ASSIGNED TASK -
Write out the entries below exactly, from the first line to the one with "Topic, A7S - Breaking", both ends included.

------ INFORMATION PROVIDED ------

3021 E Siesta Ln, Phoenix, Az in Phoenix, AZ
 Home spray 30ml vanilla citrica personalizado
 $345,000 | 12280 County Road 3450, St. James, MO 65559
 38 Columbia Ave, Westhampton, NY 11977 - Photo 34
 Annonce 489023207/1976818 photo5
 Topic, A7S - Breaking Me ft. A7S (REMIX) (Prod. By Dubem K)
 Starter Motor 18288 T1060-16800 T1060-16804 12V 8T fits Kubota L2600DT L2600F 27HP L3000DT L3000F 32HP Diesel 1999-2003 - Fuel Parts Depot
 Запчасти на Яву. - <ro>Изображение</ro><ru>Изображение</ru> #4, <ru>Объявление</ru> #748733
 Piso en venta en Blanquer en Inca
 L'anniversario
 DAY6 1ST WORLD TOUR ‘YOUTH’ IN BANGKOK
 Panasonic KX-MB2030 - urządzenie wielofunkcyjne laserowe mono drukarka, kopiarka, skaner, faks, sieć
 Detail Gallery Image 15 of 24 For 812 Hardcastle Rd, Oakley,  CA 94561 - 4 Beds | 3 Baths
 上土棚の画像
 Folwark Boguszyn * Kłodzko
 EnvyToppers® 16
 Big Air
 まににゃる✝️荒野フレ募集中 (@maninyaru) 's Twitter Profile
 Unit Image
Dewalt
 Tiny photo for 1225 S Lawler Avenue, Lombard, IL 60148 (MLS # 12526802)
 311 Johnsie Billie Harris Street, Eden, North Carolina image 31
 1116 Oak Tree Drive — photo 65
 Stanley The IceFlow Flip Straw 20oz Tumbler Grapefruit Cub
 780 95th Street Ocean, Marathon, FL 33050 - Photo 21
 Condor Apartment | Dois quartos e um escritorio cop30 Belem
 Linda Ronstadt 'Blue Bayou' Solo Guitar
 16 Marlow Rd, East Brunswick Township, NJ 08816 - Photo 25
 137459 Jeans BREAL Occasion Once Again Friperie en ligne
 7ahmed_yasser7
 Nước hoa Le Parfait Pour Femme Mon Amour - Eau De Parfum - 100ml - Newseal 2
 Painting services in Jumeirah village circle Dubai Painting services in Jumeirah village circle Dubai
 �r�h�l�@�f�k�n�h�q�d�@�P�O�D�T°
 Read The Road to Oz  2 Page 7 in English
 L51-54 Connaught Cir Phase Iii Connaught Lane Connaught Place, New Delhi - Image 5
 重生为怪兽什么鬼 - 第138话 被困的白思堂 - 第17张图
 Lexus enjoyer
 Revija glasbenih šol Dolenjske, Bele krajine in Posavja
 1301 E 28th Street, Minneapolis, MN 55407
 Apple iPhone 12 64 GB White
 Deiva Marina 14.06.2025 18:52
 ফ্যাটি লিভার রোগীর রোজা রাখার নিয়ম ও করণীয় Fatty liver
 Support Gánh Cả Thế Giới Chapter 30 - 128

------

WRITTEN REPLY -
3021 E Siesta Ln, Phoenix, Az in Phoenix, AZ
 Home spray 30ml vanilla citrica personalizado
 $345,000 | 12280 County Road 3450, St. James, MO 65559
 38 Columbia Ave, Westhampton, NY 11977 - Photo 34
 Annonce 489023207/1976818 photo5
 Topic, A7S - Breaking Me ft. A7S (REMIX) (Prod. By Dubem K)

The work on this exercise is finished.